Bucky saw regret flicker over Shuri's face.
Tony leaned forward. "Why? Is this a long-term thing, or what?"
Bucky sighed. "If anything happens here," he tapped his forehead, "I'll be easier to take down with only one arm."
"Oh, is that all?" Tony waved a hand in the air. "Hell, give me the arm. I can put in failsafes to ease your mind. We can remove them when Mr. Hyde has taken a permanent siesta. Then, you'll at least be able to zipper things and cut your food."
Bucky thought about it. He was doing okay with one arm, but there were tasks that had proven challenging. If Stark could put in appropriate safeguards…
"What type of failsafes?" Bucky asked.
"Remote detachment," Tony replied. "The remote part only temporary, of course. I remember our previous discussion. And no one, not even me, will be able to control the arm other than detachment in the event you go…you know."
Bucky thought about it. Given the threat he presented with the arm while Hydra's program ran in his head, an interim failsafe made sense. "Okay. Thank you."

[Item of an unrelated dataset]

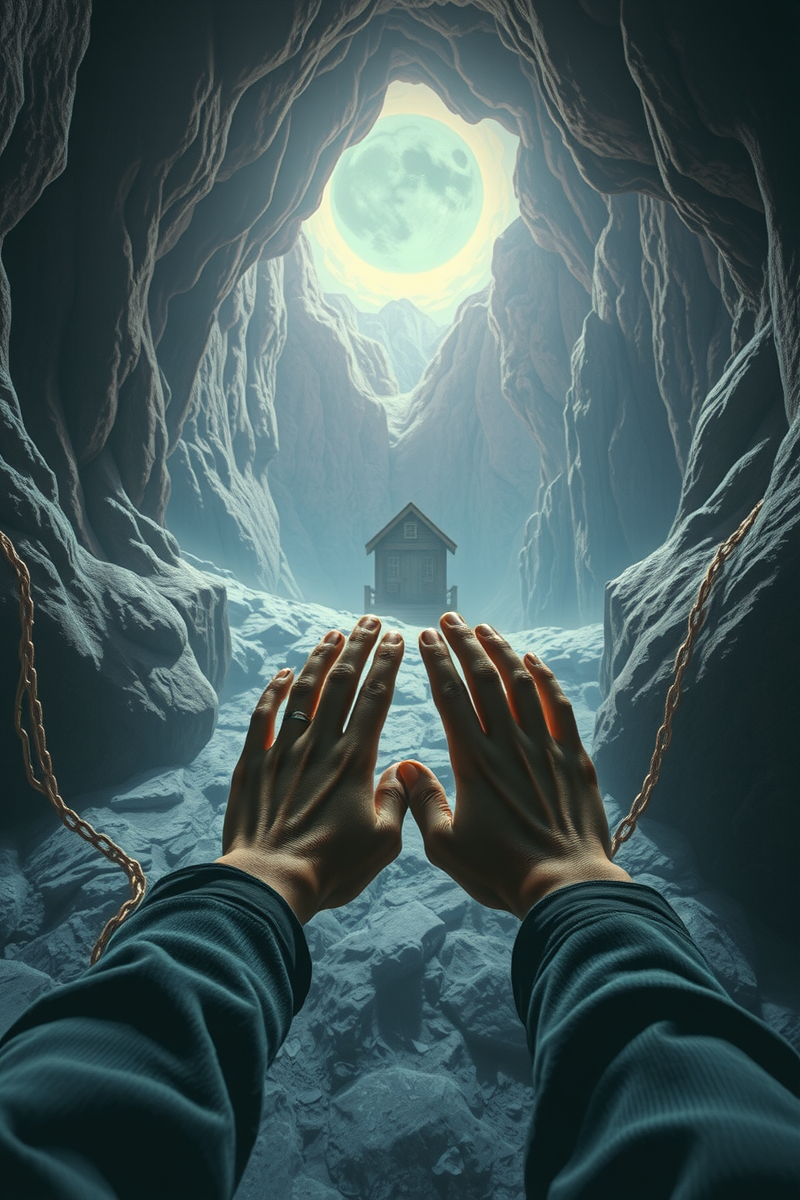 I found myself walking through a place I almost recognized — A Silver Ring A Quiet House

Tony cocked his head and did a little drum roll on the table. "I tinker. It's my thing. Bring it by my lab."
"I would like nothing more than for us to be able to talk at leisure," T'Challa spoke up with an apologetic tilt of his head, "but we must leave shortly."

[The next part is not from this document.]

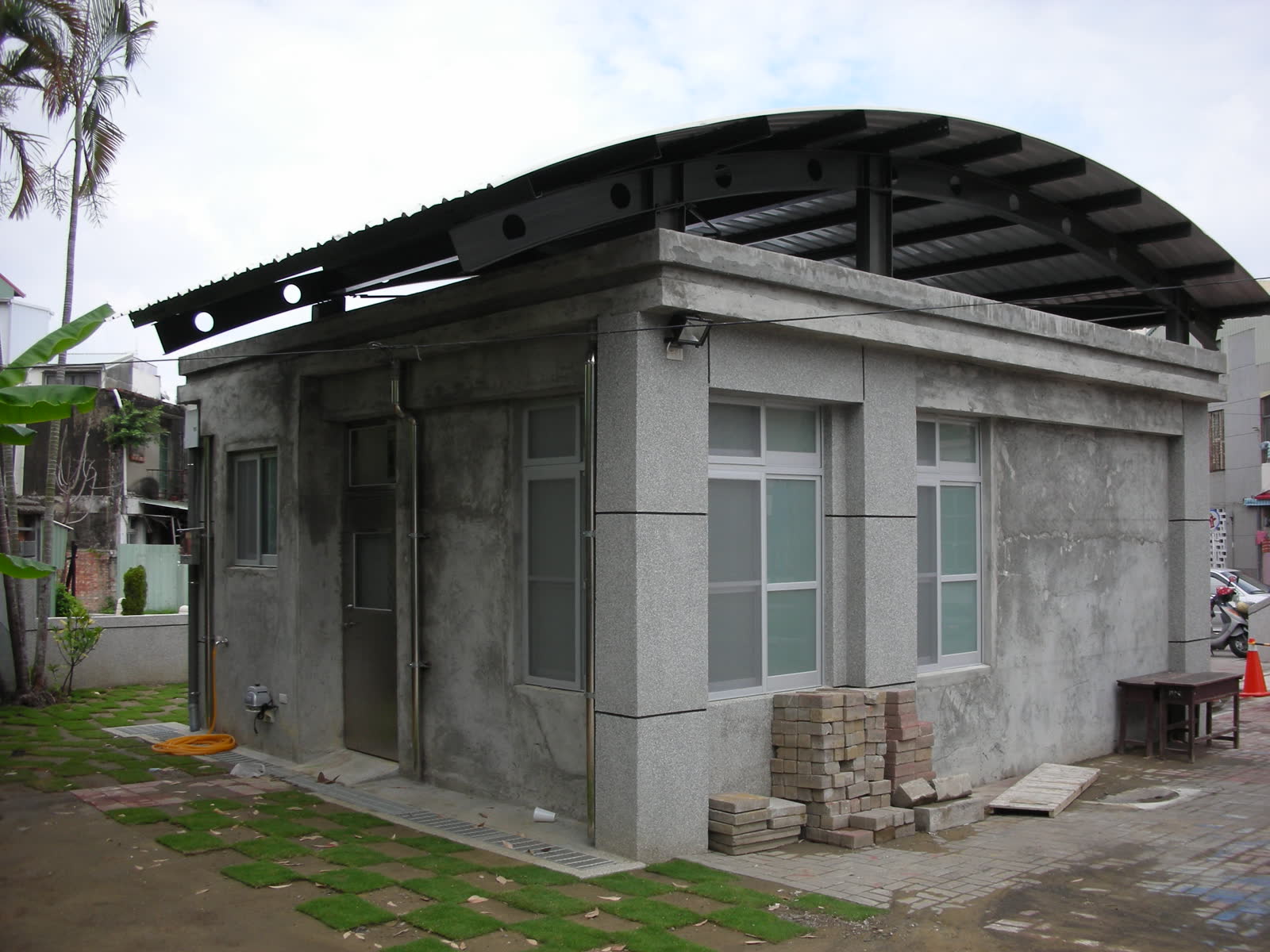 臺南市開元國小警衛室新建工程 照片6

"Right." Shuri sighed. "My father is quite irritating when it comes to punctuality. Bucky, I wanted to let you know that I will continue to review the data in Wakanda. I am sorry for what happened yesterday. It was not something I anticipated, and I regret that."

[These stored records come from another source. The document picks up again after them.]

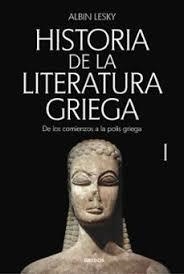 HISTORIA DE LA LITERATURA GRIEGA I | 9788424999476 | LESKY, ALBIN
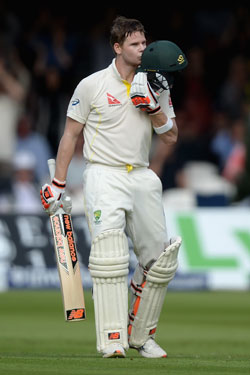 Smith's golden run of form continued. Photo: Getty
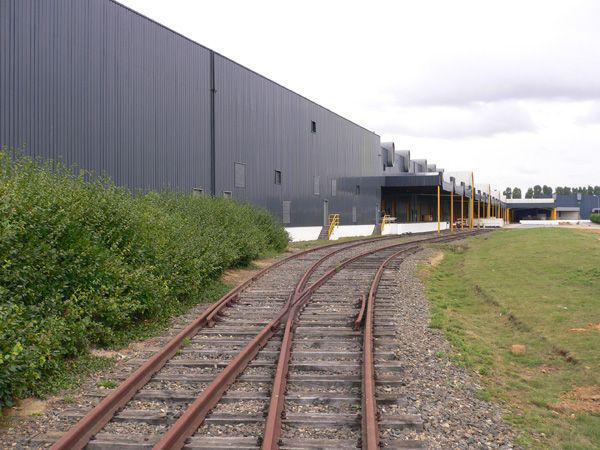 Industriel/Logistique dans Mitry-Mory à louer - Photo de l’immeuble – Image 3 sur 4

"It's okay. You're trying to help," Bucky told her. "It's not like there's a manual for this. Well, not one about undoing it, anyway."
She nodded solemnly. "I will be working on an algorithm to eliminate the neural pathways associated with the activation of the Winter Soldier. Once I have the algorithm finished, I will contact you. I can reach you through Mr. Stark, but if you give me your cell phone number, I can also contact you directly."
Oh, right. The cell phone. He wasn't used to carrying it. "It's back in my room, I think, and I don't actually know the number."
Steve smiled and rattled the number off for her. She nodded her thanks.
"Do you need to write it down?" Bucky asked her.
She flashed a cocky smile. "Nope, but I will make note of it later."
"When you get this algorithm, what then?" Bucky asked.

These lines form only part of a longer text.